KIINA.の歌唱はMVのフルバージョンが公開されています。↓
氷川きよし / 群青の弦(いと)【公式】 - YouTube
漆黒の背景に青の濃淡の布。紺の袴姿に髪をポニーテールにして輪郭のくっきり現れたKIINA.の白皙の面立ちだけが浮かび上がる、限りなく美しい映像です。
歌詞は歌ネットより。
https://www.uta-net.com/song/313688/
作詞は原文彦先生、作曲は岡千秋先生、編曲は丸山雅仁先生。
前年のスペシャルコンサートが初披露でしたね。
イントロの最初の尺八と琴の音を聴いた瞬間、「"好き!"の直球ど真ん中」と思いました。
リリース時のメディアの記事です。
氷川きよしの新曲は演歌の真髄「群青の弦(いと)」。発売に先駆けてビジュアルを初公開 - カラフル
曲のテーマになった宮城道雄さんについては、リリースされた時に色々書いたような気がしますので、別の視点から。
実は作曲してくださった岡千秋先生はご自分の作品をセルフカバーしたアルバムをこれまで何枚も出していらっしゃるんですね。最新のアルバムに岡先生がピアノで弾き語りする「群青の弦」も入っていました。
サブスクで解禁されているので"岡盤『群青の弦』"を聴いてみたら、これが笑っちゃうほどKIINA.のものと違うのです。
「浪速恋しぐれ」でお馴染みの、岡先生独特のダミ声で歌うど演歌。これはこれで、岡本先生にしか出せない味がありましたが。
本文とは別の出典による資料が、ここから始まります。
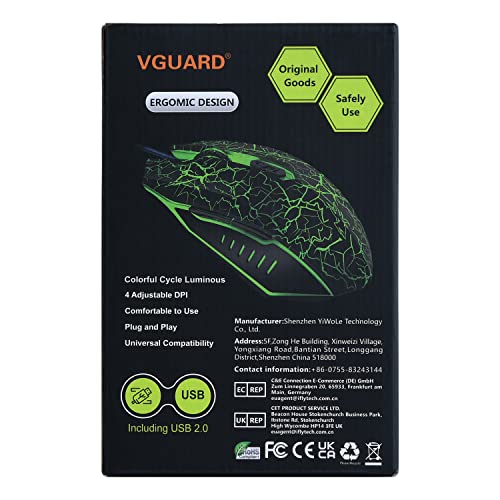 - VGUARD Gaming Mouse, Comfortable Wired USB Optical RGB Ergonomic Mice for PC -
これをデモテープで渡されて、KIINA.の声と丸山先生のアレンジで味つけされると、かくも格調高い正統派演歌に変わるのだと思うと、何だか不思議な気もしました。
「群青の弦」は歌詞もメロディーも、そして編曲も素晴らしいです。
冒頭から一気に曲の世界に引きずり込む高いキーでの見事なこぶし回し。宮城さんの生涯と生きざまを余すことなく描ききった原先生の歌詞。
KIINA.の歌う「群青の弦」は、歌詞とメロディーと歌声を丸山先生が格調高く額装してくださった、一幅の絵のように感じます。
「白雲の城」「男の絶唱」「群青の弦」
KIINA.の歌うものなら何でも好きだけれど、やっぱり私はこうした正統派演歌に一番心を打たれるようです。